#### Input for this task
+-------+
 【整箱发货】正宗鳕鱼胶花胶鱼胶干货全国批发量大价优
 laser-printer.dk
+-------+
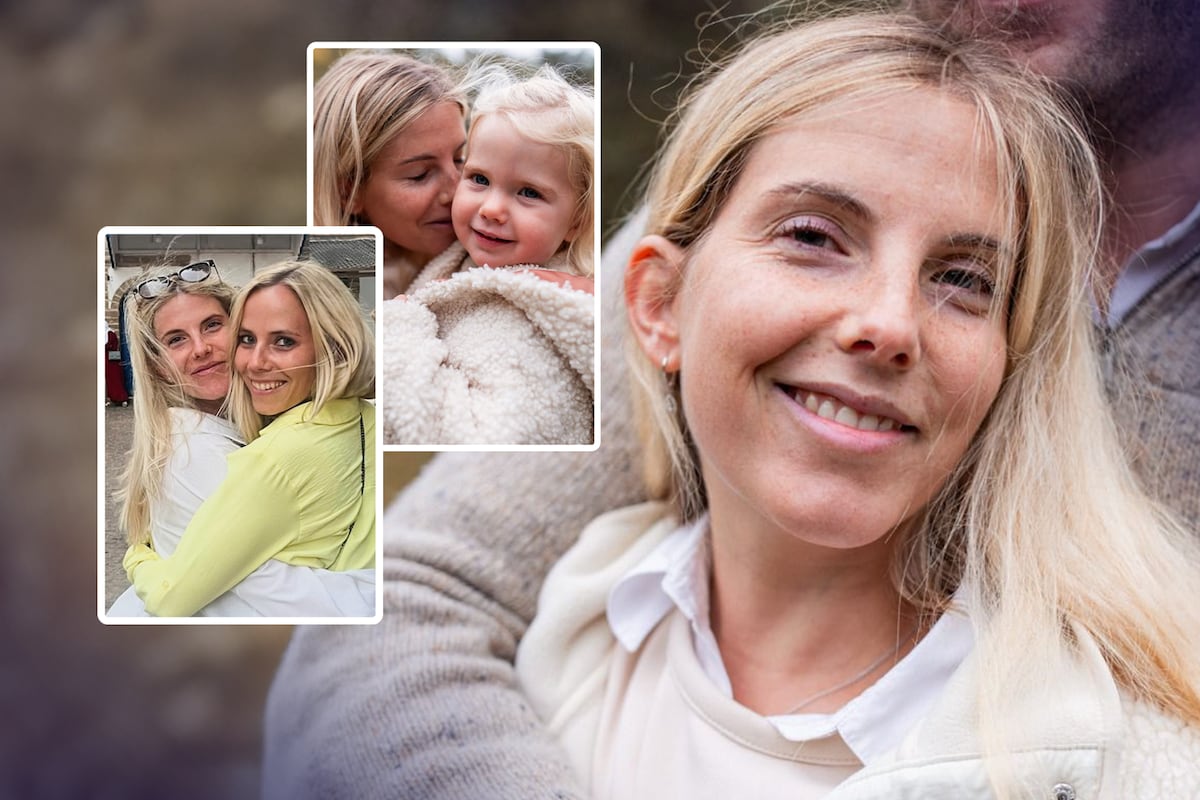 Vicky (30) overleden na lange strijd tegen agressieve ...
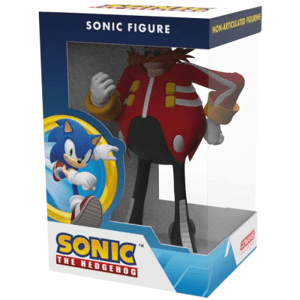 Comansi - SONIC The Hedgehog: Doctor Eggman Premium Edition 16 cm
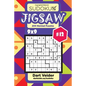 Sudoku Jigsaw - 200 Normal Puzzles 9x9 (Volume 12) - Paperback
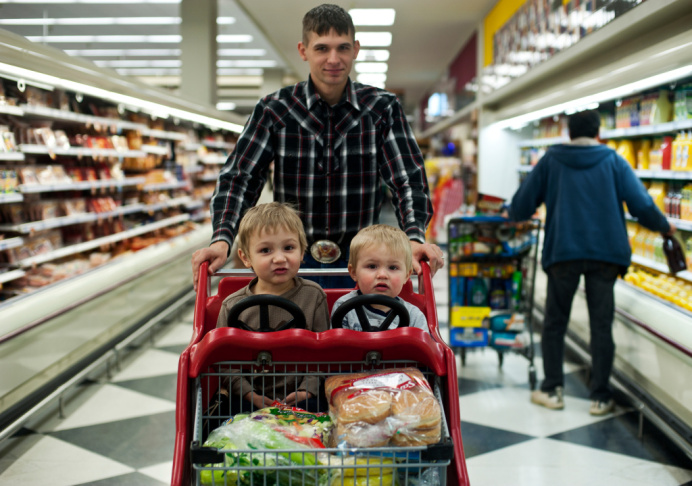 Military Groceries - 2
+-------+
Exactly the lines above from the one that contains "Comansi - SONIC" down to the one that contains "Military Groceries - 2" are to be output, both ends kept and pictures omitted.

 Comansi - SONIC The Hedgehog: Doctor Eggman Premium Edition 16 cm
 Sudoku Jigsaw - 200 Normal Puzzles 9x9 (Volume 12) - Paperback
 Military Groceries - 2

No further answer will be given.